• _DATA TO PROCESS_:

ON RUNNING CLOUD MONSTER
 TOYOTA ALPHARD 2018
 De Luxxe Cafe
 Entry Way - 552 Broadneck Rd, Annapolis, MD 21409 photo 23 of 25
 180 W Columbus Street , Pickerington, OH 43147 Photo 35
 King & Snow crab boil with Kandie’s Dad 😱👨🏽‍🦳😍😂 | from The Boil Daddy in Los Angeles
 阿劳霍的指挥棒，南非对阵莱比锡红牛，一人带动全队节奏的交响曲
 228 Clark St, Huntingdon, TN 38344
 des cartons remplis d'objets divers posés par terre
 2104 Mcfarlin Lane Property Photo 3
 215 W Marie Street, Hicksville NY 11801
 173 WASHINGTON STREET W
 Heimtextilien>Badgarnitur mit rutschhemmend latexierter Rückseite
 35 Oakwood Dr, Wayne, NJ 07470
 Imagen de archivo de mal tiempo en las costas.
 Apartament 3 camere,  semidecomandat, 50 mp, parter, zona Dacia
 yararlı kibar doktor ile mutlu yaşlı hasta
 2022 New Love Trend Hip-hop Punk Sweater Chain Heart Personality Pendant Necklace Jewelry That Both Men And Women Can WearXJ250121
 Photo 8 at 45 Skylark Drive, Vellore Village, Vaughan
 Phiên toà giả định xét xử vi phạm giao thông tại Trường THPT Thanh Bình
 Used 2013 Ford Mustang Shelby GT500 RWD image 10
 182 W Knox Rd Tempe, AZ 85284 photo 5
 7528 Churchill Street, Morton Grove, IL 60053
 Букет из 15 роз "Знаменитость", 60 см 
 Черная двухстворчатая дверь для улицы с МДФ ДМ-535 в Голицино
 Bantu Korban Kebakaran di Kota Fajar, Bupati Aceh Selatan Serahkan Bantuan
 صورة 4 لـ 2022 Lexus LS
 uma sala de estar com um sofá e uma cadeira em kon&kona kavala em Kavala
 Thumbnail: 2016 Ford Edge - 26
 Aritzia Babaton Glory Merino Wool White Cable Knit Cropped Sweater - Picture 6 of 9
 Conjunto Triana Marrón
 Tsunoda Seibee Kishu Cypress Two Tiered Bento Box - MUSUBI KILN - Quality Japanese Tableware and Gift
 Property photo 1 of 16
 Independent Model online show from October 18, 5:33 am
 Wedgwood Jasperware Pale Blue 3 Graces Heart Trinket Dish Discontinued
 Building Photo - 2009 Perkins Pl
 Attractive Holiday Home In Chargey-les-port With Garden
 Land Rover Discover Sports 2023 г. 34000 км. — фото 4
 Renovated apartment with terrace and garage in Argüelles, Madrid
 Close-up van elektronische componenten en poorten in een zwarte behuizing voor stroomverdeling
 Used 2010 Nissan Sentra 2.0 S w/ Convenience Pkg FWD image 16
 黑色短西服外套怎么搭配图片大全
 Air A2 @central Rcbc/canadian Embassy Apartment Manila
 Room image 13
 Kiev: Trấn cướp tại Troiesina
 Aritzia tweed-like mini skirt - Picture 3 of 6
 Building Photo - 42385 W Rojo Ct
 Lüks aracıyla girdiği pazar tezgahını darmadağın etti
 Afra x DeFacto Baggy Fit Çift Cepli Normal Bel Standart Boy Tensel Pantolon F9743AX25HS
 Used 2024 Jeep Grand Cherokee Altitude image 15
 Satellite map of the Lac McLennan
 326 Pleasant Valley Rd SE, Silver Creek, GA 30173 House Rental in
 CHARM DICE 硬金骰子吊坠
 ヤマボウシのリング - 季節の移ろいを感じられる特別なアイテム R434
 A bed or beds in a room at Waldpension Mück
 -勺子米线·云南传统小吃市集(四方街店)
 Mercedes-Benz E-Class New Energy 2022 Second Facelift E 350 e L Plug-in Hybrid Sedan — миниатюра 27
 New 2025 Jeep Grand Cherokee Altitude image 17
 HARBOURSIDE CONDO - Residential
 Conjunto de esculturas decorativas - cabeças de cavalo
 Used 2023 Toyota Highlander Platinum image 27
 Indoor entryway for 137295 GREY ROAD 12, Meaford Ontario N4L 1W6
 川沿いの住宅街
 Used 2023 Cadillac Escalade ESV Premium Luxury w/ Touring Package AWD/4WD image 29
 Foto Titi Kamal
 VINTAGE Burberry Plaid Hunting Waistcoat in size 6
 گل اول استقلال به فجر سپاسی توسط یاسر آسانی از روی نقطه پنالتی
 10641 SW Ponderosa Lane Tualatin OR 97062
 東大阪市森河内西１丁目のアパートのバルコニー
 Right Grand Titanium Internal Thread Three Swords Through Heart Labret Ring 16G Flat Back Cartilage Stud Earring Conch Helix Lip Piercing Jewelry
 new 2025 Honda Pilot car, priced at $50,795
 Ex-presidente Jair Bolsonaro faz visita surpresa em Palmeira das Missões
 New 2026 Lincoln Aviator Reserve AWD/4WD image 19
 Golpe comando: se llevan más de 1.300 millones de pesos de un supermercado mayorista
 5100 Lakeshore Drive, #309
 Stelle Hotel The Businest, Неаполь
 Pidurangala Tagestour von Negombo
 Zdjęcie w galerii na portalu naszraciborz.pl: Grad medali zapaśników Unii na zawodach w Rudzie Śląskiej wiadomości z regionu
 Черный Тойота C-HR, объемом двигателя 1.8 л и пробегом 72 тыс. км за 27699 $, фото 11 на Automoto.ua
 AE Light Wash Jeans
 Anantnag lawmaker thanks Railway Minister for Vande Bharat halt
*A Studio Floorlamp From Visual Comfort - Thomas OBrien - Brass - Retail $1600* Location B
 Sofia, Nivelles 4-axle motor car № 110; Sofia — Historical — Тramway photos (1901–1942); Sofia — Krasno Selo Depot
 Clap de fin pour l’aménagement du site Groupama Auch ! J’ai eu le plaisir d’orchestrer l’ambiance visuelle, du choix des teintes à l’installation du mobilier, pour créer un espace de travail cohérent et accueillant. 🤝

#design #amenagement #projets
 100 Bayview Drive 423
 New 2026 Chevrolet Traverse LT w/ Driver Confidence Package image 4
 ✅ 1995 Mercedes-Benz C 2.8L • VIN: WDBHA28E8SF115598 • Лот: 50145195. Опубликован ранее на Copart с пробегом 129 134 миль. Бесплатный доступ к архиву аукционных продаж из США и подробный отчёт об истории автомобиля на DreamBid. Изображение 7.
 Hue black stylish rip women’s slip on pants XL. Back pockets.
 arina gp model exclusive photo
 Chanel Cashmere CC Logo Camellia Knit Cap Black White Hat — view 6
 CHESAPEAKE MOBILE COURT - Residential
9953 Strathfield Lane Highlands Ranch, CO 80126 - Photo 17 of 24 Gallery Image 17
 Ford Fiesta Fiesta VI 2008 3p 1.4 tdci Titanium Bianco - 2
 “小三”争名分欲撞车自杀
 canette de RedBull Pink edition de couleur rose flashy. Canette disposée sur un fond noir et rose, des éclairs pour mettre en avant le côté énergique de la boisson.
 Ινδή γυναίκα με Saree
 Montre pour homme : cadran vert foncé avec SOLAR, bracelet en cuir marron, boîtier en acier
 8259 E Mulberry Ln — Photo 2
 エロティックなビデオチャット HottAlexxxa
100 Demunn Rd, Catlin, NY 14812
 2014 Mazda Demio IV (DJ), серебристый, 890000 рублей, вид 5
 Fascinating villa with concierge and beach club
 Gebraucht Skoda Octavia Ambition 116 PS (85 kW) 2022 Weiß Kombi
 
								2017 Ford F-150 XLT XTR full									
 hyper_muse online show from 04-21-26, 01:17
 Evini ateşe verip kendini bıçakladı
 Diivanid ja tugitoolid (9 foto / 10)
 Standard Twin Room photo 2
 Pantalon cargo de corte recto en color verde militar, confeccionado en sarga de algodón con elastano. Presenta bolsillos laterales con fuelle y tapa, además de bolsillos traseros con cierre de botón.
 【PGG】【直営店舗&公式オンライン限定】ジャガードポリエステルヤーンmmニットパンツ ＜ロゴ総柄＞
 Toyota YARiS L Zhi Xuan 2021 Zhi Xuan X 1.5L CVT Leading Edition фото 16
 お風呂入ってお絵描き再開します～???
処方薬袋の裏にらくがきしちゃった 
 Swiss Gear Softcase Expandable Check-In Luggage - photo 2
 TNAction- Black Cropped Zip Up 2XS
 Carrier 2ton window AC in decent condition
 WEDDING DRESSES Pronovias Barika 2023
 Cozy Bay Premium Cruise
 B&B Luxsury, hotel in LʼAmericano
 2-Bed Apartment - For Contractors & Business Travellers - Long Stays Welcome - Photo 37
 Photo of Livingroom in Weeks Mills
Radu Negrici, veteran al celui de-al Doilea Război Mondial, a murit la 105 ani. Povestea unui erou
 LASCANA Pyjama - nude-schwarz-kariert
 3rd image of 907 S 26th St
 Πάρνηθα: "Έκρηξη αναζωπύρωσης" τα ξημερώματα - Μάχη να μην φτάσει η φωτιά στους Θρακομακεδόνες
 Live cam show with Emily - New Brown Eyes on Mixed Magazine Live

• _YOUR OBJECTIVE_:
Output the lines above exactly, but only those between the line holding "New 2026 Lincoln" and the line holding "AE Light Wash Jeans", inclusive.

• _ANSWER TO THIS TASK_:
 New 2026 Lincoln Aviator Reserve AWD/4WD image 19
 Golpe comando: se llevan más de 1.300 millones de pesos de un supermercado mayorista
 5100 Lakeshore Drive, #309
 Stelle Hotel The Businest, Неаполь
 Pidurangala Tagestour von Negombo
 Zdjęcie w galerii na portalu naszraciborz.pl: Grad medali zapaśników Unii na zawodach w Rudzie Śląskiej wiadomości z regionu
 Черный Тойота C-HR, объемом двигателя 1.8 л и пробегом 72 тыс. км за 27699 $, фото 11 на Automoto.ua
 AE Light Wash Jeans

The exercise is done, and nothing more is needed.